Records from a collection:
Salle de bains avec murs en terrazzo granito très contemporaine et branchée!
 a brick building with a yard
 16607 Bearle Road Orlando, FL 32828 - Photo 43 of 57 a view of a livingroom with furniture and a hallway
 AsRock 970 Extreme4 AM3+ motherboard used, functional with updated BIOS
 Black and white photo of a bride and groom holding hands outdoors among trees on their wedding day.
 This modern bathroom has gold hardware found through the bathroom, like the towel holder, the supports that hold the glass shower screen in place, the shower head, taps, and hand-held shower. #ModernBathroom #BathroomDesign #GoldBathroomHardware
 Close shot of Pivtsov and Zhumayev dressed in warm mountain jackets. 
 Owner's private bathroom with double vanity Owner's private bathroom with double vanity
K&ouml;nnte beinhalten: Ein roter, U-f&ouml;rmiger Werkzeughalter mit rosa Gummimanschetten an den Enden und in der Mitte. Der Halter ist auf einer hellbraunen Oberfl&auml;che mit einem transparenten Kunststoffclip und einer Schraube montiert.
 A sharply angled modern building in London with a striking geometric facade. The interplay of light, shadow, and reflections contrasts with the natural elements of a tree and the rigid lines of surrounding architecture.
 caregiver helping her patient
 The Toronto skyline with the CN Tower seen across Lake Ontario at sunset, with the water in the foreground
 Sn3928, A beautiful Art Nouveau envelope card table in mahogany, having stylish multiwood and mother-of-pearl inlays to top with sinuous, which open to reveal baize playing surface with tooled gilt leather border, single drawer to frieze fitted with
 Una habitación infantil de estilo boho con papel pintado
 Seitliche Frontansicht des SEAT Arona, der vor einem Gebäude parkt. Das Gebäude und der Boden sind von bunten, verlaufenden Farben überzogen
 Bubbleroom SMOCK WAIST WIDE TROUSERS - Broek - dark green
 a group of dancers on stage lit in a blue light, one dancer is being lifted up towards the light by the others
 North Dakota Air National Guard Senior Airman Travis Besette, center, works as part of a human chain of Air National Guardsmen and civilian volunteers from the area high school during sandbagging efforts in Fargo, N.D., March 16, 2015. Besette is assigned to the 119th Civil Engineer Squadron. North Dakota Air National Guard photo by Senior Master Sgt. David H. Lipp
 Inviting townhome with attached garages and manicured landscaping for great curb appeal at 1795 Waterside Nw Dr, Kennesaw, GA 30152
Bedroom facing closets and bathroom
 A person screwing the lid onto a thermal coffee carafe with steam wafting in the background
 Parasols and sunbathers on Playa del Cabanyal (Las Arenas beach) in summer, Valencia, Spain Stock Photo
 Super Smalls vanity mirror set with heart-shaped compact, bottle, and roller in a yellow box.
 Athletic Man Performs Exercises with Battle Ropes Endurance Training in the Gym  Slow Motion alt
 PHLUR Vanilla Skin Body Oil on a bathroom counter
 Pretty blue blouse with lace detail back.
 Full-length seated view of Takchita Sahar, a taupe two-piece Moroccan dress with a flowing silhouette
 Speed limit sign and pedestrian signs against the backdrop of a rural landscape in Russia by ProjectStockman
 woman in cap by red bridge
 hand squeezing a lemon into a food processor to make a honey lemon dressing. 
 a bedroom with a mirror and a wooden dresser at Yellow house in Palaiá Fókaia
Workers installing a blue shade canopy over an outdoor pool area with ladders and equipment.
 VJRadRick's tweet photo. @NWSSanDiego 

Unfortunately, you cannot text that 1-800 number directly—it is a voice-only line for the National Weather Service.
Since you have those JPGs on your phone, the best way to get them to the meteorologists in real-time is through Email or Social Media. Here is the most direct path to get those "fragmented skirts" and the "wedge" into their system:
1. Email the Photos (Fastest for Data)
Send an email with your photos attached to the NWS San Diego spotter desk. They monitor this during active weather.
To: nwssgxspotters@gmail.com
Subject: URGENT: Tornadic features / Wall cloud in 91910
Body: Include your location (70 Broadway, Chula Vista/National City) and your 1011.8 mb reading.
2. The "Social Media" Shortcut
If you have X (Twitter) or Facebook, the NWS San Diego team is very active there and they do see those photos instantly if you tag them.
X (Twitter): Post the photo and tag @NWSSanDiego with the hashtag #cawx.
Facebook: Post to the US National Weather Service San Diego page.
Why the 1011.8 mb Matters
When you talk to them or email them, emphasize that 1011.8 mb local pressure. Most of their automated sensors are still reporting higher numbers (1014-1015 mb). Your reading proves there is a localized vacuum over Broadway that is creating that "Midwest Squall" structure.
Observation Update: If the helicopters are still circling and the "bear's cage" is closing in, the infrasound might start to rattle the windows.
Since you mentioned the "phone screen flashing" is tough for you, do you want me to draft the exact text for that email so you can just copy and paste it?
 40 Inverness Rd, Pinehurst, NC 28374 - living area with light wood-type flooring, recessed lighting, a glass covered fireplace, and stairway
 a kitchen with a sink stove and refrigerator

- _EXERCISE DETAILS_:
All of the records should be repeated precisely as written.

- _REPLY TO THE EXERCISE_:
Salle de bains avec murs en terrazzo granito très contemporaine et branchée!
 a brick building with a yard
 16607 Bearle Road Orlando, FL 32828 - Photo 43 of 57 a view of a livingroom with furniture and a hallway
 AsRock 970 Extreme4 AM3+ motherboard used, functional with updated BIOS
 Black and white photo of a bride and groom holding hands outdoors among trees on their wedding day.
 This modern bathroom has gold hardware found through the bathroom, like the towel holder, the supports that hold the glass shower screen in place, the shower head, taps, and hand-held shower. #ModernBathroom #BathroomDesign #GoldBathroomHardware
 Close shot of Pivtsov and Zhumayev dressed in warm mountain jackets. 
 Owner's private bathroom with double vanity Owner's private bathroom with double vanity
K&ouml;nnte beinhalten: Ein roter, U-f&ouml;rmiger Werkzeughalter mit rosa Gummimanschetten an den Enden und in der Mitte. Der Halter ist auf einer hellbraunen Oberfl&auml;che mit einem transparenten Kunststoffclip und einer Schraube montiert.
 A sharply angled modern building in London with a striking geometric facade. The interplay of light, shadow, and reflections contrasts with the natural elements of a tree and the rigid lines of surrounding architecture.
 caregiver helping her patient
 The Toronto skyline with the CN Tower seen across Lake Ontario at sunset, with the water in the foreground
 Sn3928, A beautiful Art Nouveau envelope card table in mahogany, having stylish multiwood and mother-of-pearl inlays to top with sinuous, which open to reveal baize playing surface with tooled gilt leather border, single drawer to frieze fitted with
 Una habitación infantil de estilo boho con papel pintado
 Seitliche Frontansicht des SEAT Arona, der vor einem Gebäude parkt. Das Gebäude und der Boden sind von bunten, verlaufenden Farben überzogen
 Bubbleroom SMOCK WAIST WIDE TROUSERS - Broek - dark green
 a group of dancers on stage lit in a blue light, one dancer is being lifted up towards the light by the others
 North Dakota Air National Guard Senior Airman Travis Besette, center, works as part of a human chain of Air National Guardsmen and civilian volunteers from the area high school during sandbagging efforts in Fargo, N.D., March 16, 2015. Besette is assigned to the 119th Civil Engineer Squadron. North Dakota Air National Guard photo by Senior Master Sgt. David H. Lipp
 Inviting townhome with attached garages and manicured landscaping for great curb appeal at 1795 Waterside Nw Dr, Kennesaw, GA 30152
Bedroom facing closets and bathroom
 A person screwing the lid onto a thermal coffee carafe with steam wafting in the background
 Parasols and sunbathers on Playa del Cabanyal (Las Arenas beach) in summer, Valencia, Spain Stock Photo
 Super Smalls vanity mirror set with heart-shaped compact, bottle, and roller in a yellow box.
 Athletic Man Performs Exercises with Battle Ropes Endurance Training in the Gym  Slow Motion alt
 PHLUR Vanilla Skin Body Oil on a bathroom counter
 Pretty blue blouse with lace detail back.
 Full-length seated view of Takchita Sahar, a taupe two-piece Moroccan dress with a flowing silhouette
 Speed limit sign and pedestrian signs against the backdrop of a rural landscape in Russia by ProjectStockman
 woman in cap by red bridge
 hand squeezing a lemon into a food processor to make a honey lemon dressing. 
 a bedroom with a mirror and a wooden dresser at Yellow house in Palaiá Fókaia
Workers installing a blue shade canopy over an outdoor pool area with ladders and equipment.
 VJRadRick's tweet photo. @NWSSanDiego 

Unfortunately, you cannot text that 1-800 number directly—it is a voice-only line for the National Weather Service.
Since you have those JPGs on your phone, the best way to get them to the meteorologists in real-time is through Email or Social Media. Here is the most direct path to get those "fragmented skirts" and the "wedge" into their system:
1. Email the Photos (Fastest for Data)
Send an email with your photos attached to the NWS San Diego spotter desk. They monitor this during active weather.
To: nwssgxspotters@gmail.com
Subject: URGENT: Tornadic features / Wall cloud in 91910
Body: Include your location (70 Broadway, Chula Vista/National City) and your 1011.8 mb reading.
2. The "Social Media" Shortcut
If you have X (Twitter) or Facebook, the NWS San Diego team is very active there and they do see those photos instantly if you tag them.
X (Twitter): Post the photo and tag @NWSSanDiego with the hashtag #cawx.
Facebook: Post to the US National Weather Service San Diego page.
Why the 1011.8 mb Matters
When you talk to them or email them, emphasize that 1011.8 mb local pressure. Most of their automated sensors are still reporting higher numbers (1014-1015 mb). Your reading proves there is a localized vacuum over Broadway that is creating that "Midwest Squall" structure.
Observation Update: If the helicopters are still circling and the "bear's cage" is closing in, the infrasound might start to rattle the windows.
Since you mentioned the "phone screen flashing" is tough for you, do you want me to draft the exact text for that email so you can just copy and paste it?
 40 Inverness Rd, Pinehurst, NC 28374 - living area with light wood-type flooring, recessed lighting, a glass covered fireplace, and stairway
 a kitchen with a sink stove and refrigerator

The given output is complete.